Writing in 2011 of the high cost of HS2 in comparison to what it would deliver to the economy, Hawkins said: “Yes, HS2 may create a substantial number of construction jobs and yes, it may narrow, to a limited extent, the very wide north/south divide – but it is a very expensive way of doing so.” However, the UK’s plans for a high-speed network seem less necessary when you consider it already has an extensive rail network built during Victorian times that could be reopened to create more capacity.
After the steady decline in British Rail’s finances, the government in 1962 announced its Transport Act, in response of the Beeching Report, which dramatically cut much of the rail network. A third of all passenger services, as well as over 2,000 stations, were closed.
Although it is unlikely that all of these routes would ever be restored, the added capacity that could be created by using some of HS2’s proposed £33bn budget to reopen some old lines would surely drastically alleviate the country’s congested transport network.
When a government looks to build a high-speed rail network, the scheme must offer a net social benefit greater than the next best alternative. As high-speed rail tends not to attract private investment, the burden on the government is usually quite extreme. Air and road travel, on the other hand, is more than likely to see heavy private investment, as the returns tend to be more immediate.

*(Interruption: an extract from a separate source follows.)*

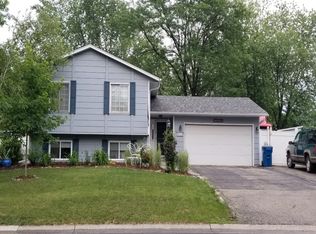 3828 Country Creek Way, Eagan, MN 55122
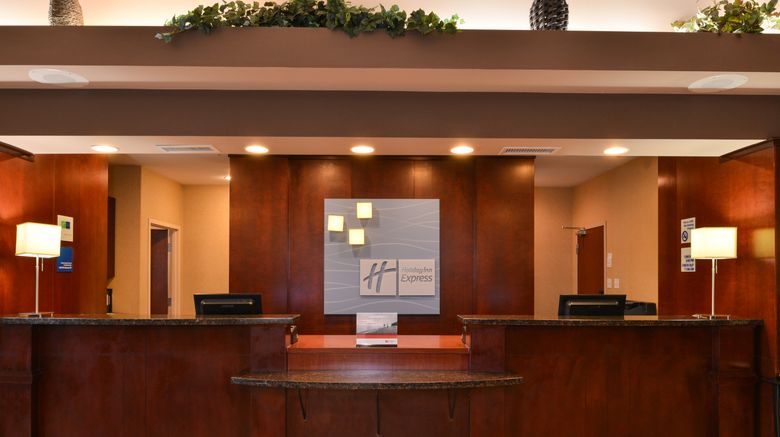<b>Holiday Inn Express & Sts Edmonton North Lobby</b>. Images powered by <a href="https://www.leonardoworldwide.com/" title="Leonardo Worldwide" target="_blank">Leonardo</a>.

De Rus concludes that the risks associated with high-speed rail investment, including the relatively high long-term cost that is almost entirely undertaken by the state, means that only in very specific circumstances should it be considered.
He said: “The lack of private participation in high-speed rail projects increases the risk of losing money. High-speed rail investment may be adequate for some corridors, with capacity problems in their railway networks or with road and airport congestion, but its convenience is closely related to… the volume of demand. Moreover, even in the case of particularly favourable conditions, the net present value of high-speed rail investment has to be compared to other ‘do something’ alternatives, such as road or airport pricing and/or investment, upgrading of conventional trains.
“When the investment cost associated to new high-speed rail lines does not pass any market test, and the visibility is reduced by industry propaganda, short-term political interests and subsidised rail fares, conventional cost-benefit analysis can help to distinguish good projects from simple ‘white elephants’.”
Faster but not always better
Ultimately, investing in high-speed rail takes much time and a lot of money, but it can prove beneficial if conducted in the right environments. However, there is a danger that newer technologies in transportation will race ahead in the years that it takes to build a high-speed route.
Air travel is slowly becoming more efficient, while there is an expectation that within 20 years we may all be getting around in self-driven cars. The need for speed is also questionable, as existing train services begin to offer internet connectivity, allowing people to begin work while in their seats, and therefore negating the need to get into the office quicker.
There is also a question of who will use the high-speed lines. While they will offer faster and more comfortable journeys, the high cost of building them means that the burden of paying for it will likely be put on the passenger. High ticket prices may result in a line exclusively used by the wealthy, with the rest of society foregoing a the reduced time for a much reduced cost.